## Read in word list

In [1]:
import src.utils.git as gitutil
bpath = gitutil.get_root()

In [2]:
word_list_name = 'twl06.txt'

word_list_file = bpath + '/data/processed/' + word_list_name

with open(word_list_file, 'r') as f:
    word_list = f.read().splitlines()

## Initialise

In [3]:
possible_words = word_list

## Define entropy calculation

In [4]:
import math

def calc_entropy(possible_words):
    num_possible_words = len(possible_words)
    prob_each_possible_word = 1/num_possible_words
    entropy = math.log(prob_each_possible_word, 2)

    return(entropy)

## Define guess checks
### Function to check for correct positions

In [5]:
def get_correct_positions(w1, w2):
    correct_positions = dict([(x, w1[x]) for x in range(0,5) if w1[x] == w2[x]])

    return correct_positions


### Function to check for incorrect positions

In [6]:
def get_guess_info(w1, w2):

    correct_positions = get_correct_positions(w1,w2)

    incorrect_poisition_letters = set(w1).intersection(set(w2)).symmetric_difference(correct_positions.values())

    incorrect_positions = dict([(letter, w1.find(letter)) for letter in incorrect_poisition_letters])

    incorrect_letters = set(w1).symmetric_difference(set(w2)).intersection(w1)

    return {"correct_positions": correct_positions,
            "incorrect_positions": incorrect_positions,
            "incorrect_letters": incorrect_letters}

## Functions to subset possible words based on guess info

In [7]:
def subset_for_correct_position(possible_words, correct_position):

    for pos, letter in correct_position.items():
        possible_words = [word for word in possible_words if word[pos] == letter]
    
    return(possible_words)

def subset_possible_for_incorrect_position(possible_words, incorrect_position):

    for letter, pos in incorrect_position.items():
        possible_words = [word for word in possible_words if letter in word]
        possible_words = [word for word in possible_words if word[pos] != letter]

    return(possible_words)

def subset_possible_for_incorrect_letters(possible_words, incorrect_letters):

    for letter in incorrect_letters:
        possible_words = [word for word in possible_words if letter not in word]

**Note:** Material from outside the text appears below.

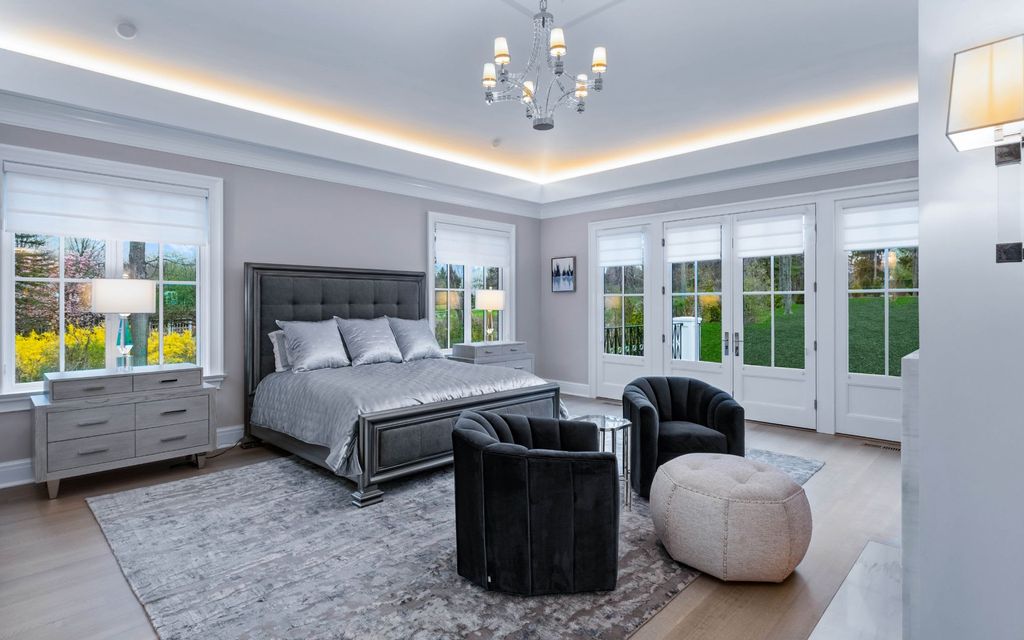 A certain method to introduce a touch of classic beauty into a space? Limit your color scheme to somber grays. With its gray walls, coordinating bedspread, and hints of light gray linens, this gorgeous bedroom decor is undoubtedly on the correct track. The finished boudoir is a well-designed space that is certain to evoke the sweetest of dreams.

    return(possible_words)

def subset_from_guess(possible_words, guess_info):

    correct_positions = guess_info["correct_positions"]
    incorrect_positions = guess_info["incorrect_positions"]
    incorrect_letters = guess_info["incorrect_letters"]

    possible_words = subset_possible_for_incorrect_letters(possible_words, incorrect_letters)
    # keep words in sensible guesses based on only incorrect letters being excluded
    sensible_guesses = possible_words.copy()

    possible_words = subset_possible_for_incorrect_position(possible_words, incorrect_positions)
    possible_words = subset_for_correct_position(possible_words, correct_positions)

    return {"possible_words": possible_words,
            "sensible_guesses": sensible_guesses}

### Determine number of possible words remaining with given guess and correct word

In [8]:
def num_poss_if_right(possible_words, guess, correct):

    possible_words = subset_from_guess(possible_words, get_guess_info(guess, correct))["possible_words"]
    num_poss = len(possible_words)

    return(num_poss)

### Calculate expected number of possible words remaining for given guess and any possible correct word

In [9]:
from statistics import mean

def calculate_expected_remaining(possible_words, guess):
    num_posses = [num_poss_if_right(possible_words, guess, word) for word in possible_words]
    expected_remaining = mean(num_posses)

    return(expected_remaining)

### Example number possible from first guess

In [10]:
calculate_expected_remaining(possible_words, 'irate')

175.35930810070218

In [11]:
len(subset_from_guess(possible_words, get_guess_info('train', 'blimp'))["possible_words"])

297

In [12]:
len(subset_from_guess(possible_words, get_guess_info('train', 'blimp'))["sensible_guesses"])

1010